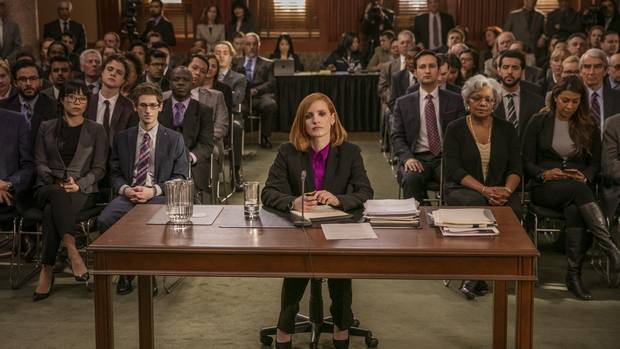 Jessica Chastain, centre, plays Elizabeth Sloane, a tough-as-nails Washington lobbyist who puts her unethical skills to work for an ethical cause.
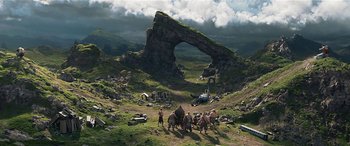 Movie still from “The BFG” (2016), directed by Steven Spielberg – A group of people standing on top of a lush green field; Extreme Wide shot, High angle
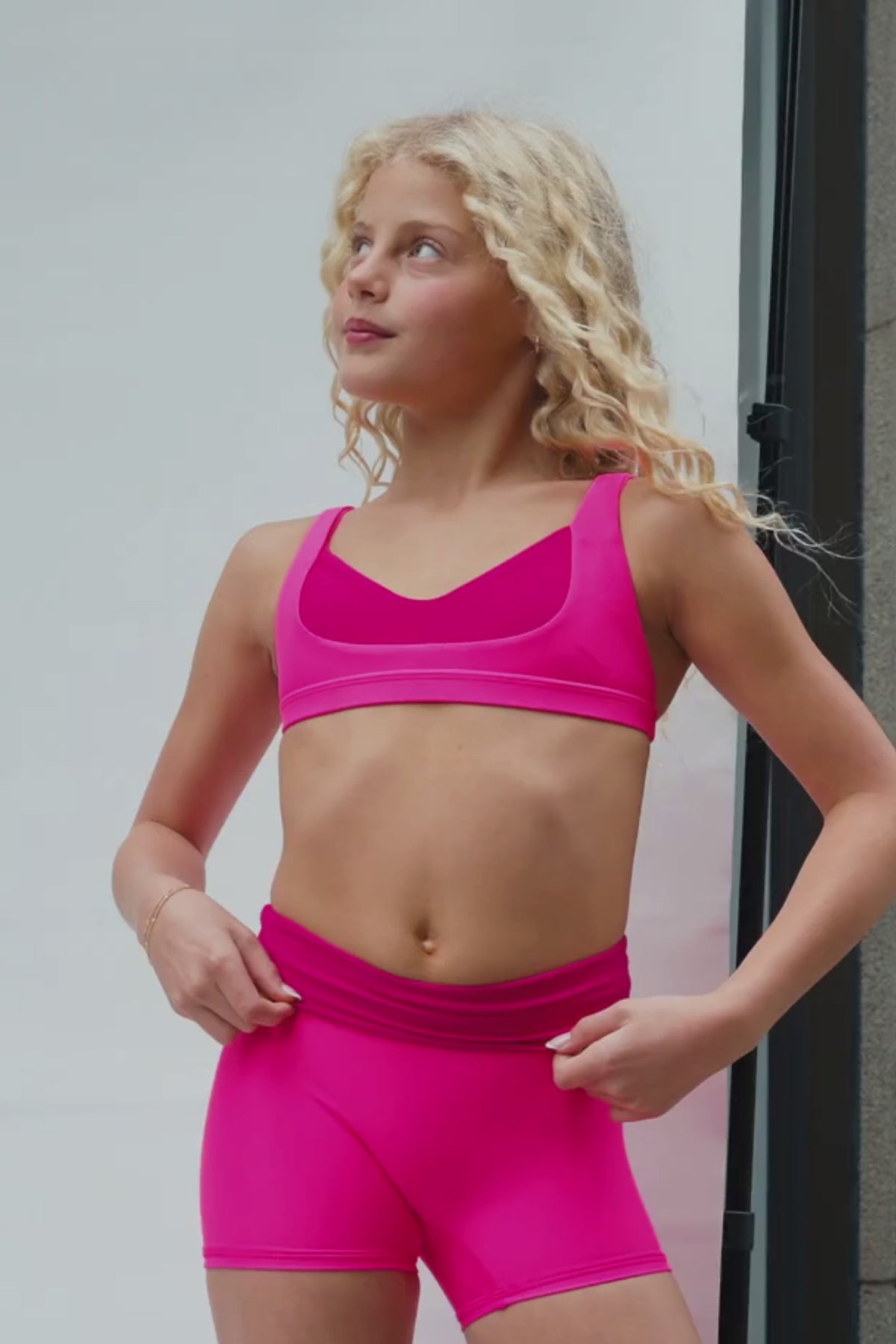 kids, A video of a young girl with curly blonde hair wearing a bright hot pink sports bra and matching pink bottoms, looking off-camera against a neutral background.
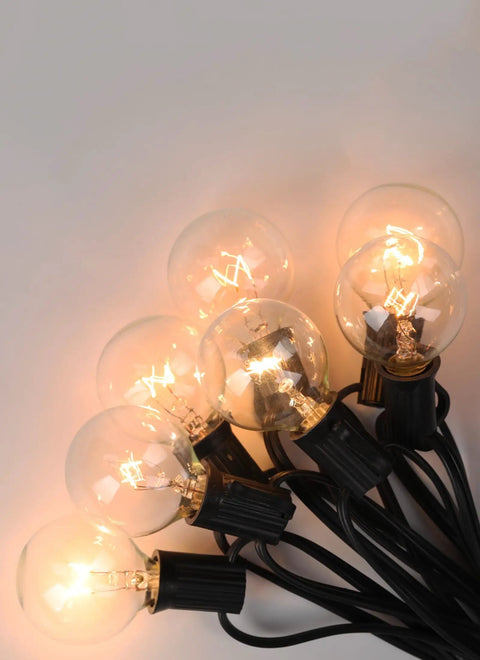Old School Edison G40 Replacement Light Bulbs 5W Clear Globe 1.5 Inch Dimmable Bulbs Fits E12 Candelabra Base glowing in dark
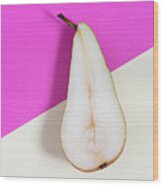 Slice Of Healthy Pear Fruit On A Colourful Background. Wood Print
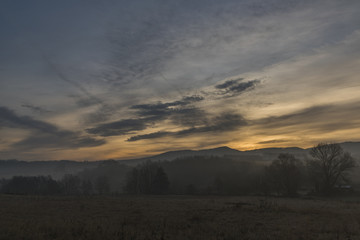 Sunrise under Milesovka hill in winter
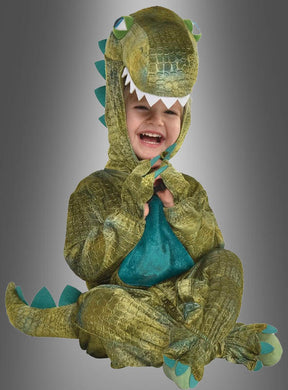 Ein Kind sitzt lächelnd vor einem grauen Hintergrund und trägt das „Dino-Kostüm für Kleinkinder“, ein grünes Kostüm mit einer Kapuze in Form eines Dinosaurierkopfes – perfekt für den Kinderfasching.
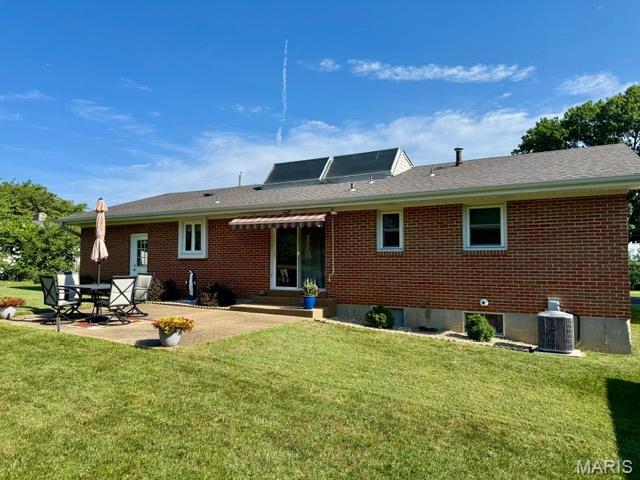 8 E 11th St, Washington, MO 63090 - back of house with a patio, brick siding, and a lawn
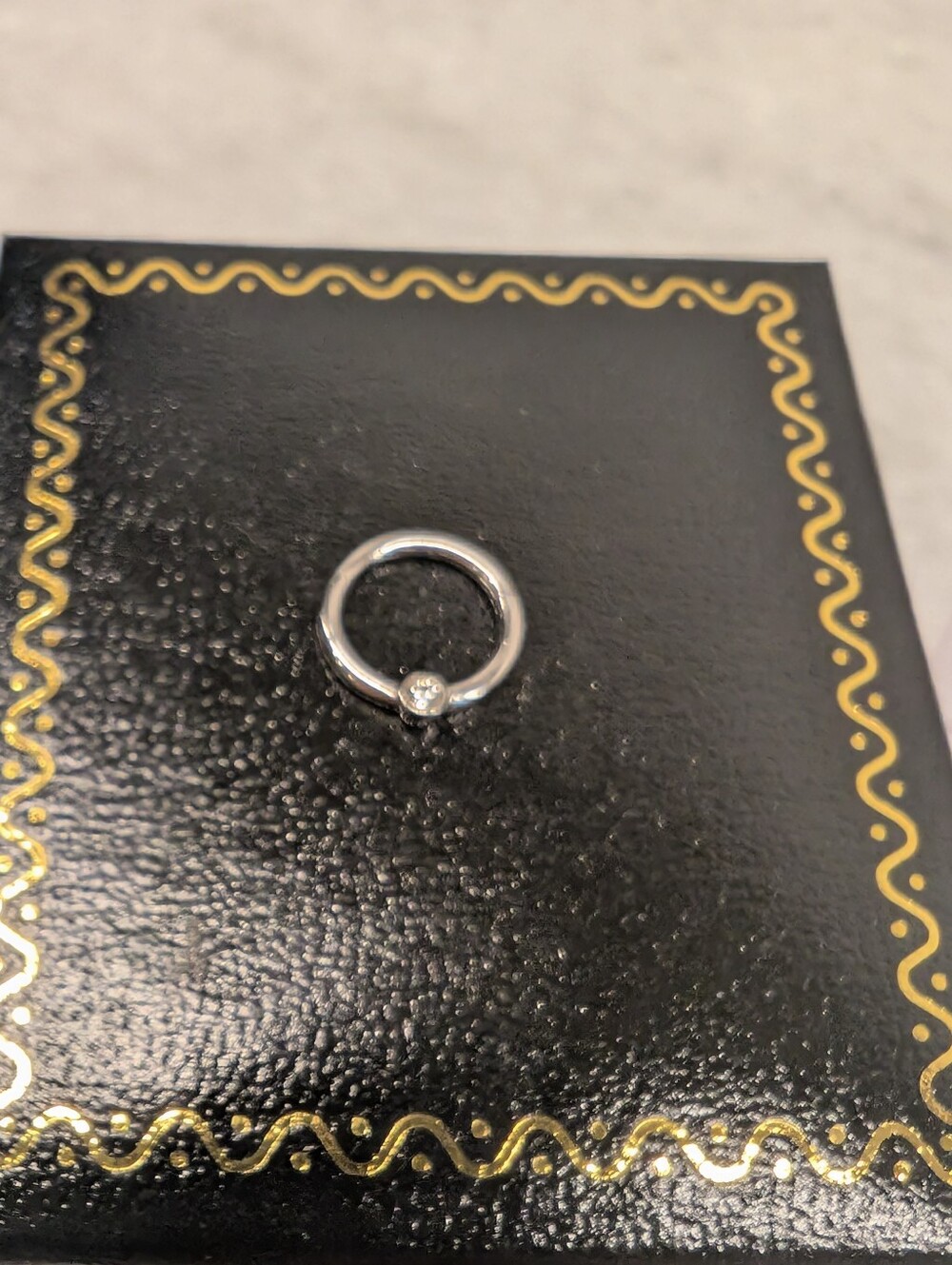 14k White Gold 16 Gauge Seamless Hoop With Side Diamond - Picture 2 of 4
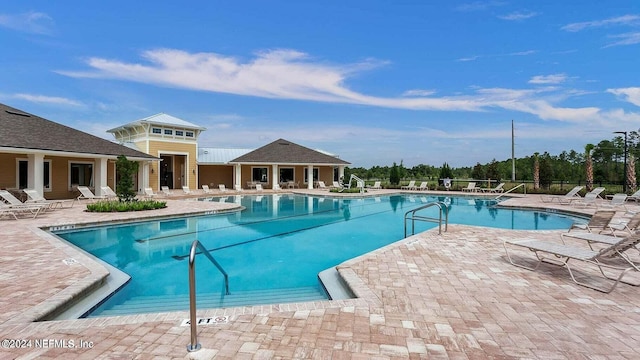 view of pool featuring a patio area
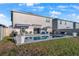 A relaxing backyard showcasing a pool, seating, and a grill perfect for entertaining or unwinding at 555 Meadow Bend Dr, Davenport, FL 33837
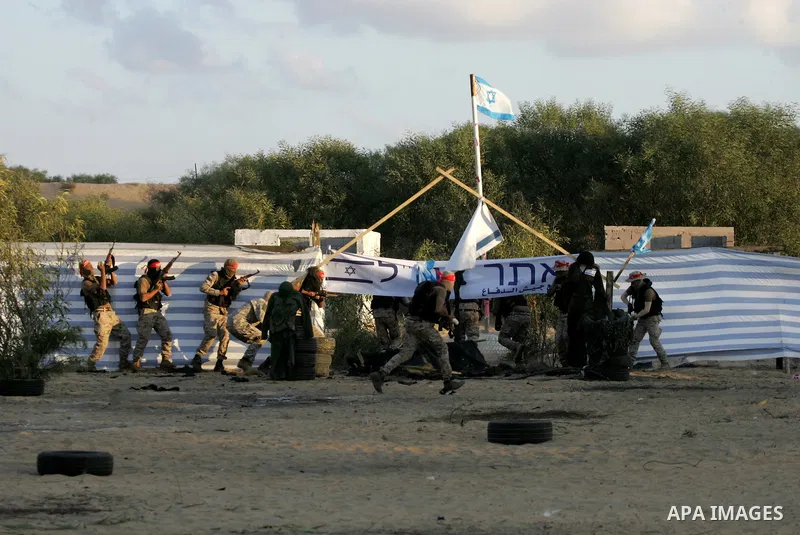 Palestinian militants of the National Resistance brigades, the armed wing of the Democratic Front for the Liberation of Palestine (DFLP), pretend to fight with mock Israeli forces during a graduation ceremony in Rafah, i...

|---|

Assigned task: Word for word and without pictures, please write out only the lines from the start of the entries through the line containing "A relaxing backyard", both included.

Solution for this exercise:
 Jessica Chastain, centre, plays Elizabeth Sloane, a tough-as-nails Washington lobbyist who puts her unethical skills to work for an ethical cause.
 Movie still from “The BFG” (2016), directed by Steven Spielberg – A group of people standing on top of a lush green field; Extreme Wide shot, High angle
 kids, A video of a young girl with curly blonde hair wearing a bright hot pink sports bra and matching pink bottoms, looking off-camera against a neutral background.
Old School Edison G40 Replacement Light Bulbs 5W Clear Globe 1.5 Inch Dimmable Bulbs Fits E12 Candelabra Base glowing in dark
 Slice Of Healthy Pear Fruit On A Colourful Background. Wood Print
 Sunrise under Milesovka hill in winter
 Ein Kind sitzt lächelnd vor einem grauen Hintergrund und trägt das „Dino-Kostüm für Kleinkinder“, ein grünes Kostüm mit einer Kapuze in Form eines Dinosaurierkopfes – perfekt für den Kinderfasching.
 8 E 11th St, Washington, MO 63090 - back of house with a patio, brick siding, and a lawn
 14k White Gold 16 Gauge Seamless Hoop With Side Diamond - Picture 2 of 4
 view of pool featuring a patio area
 A relaxing backyard showcasing a pool, seating, and a grill perfect for entertaining or unwinding at 555 Meadow Bend Dr, Davenport, FL 33837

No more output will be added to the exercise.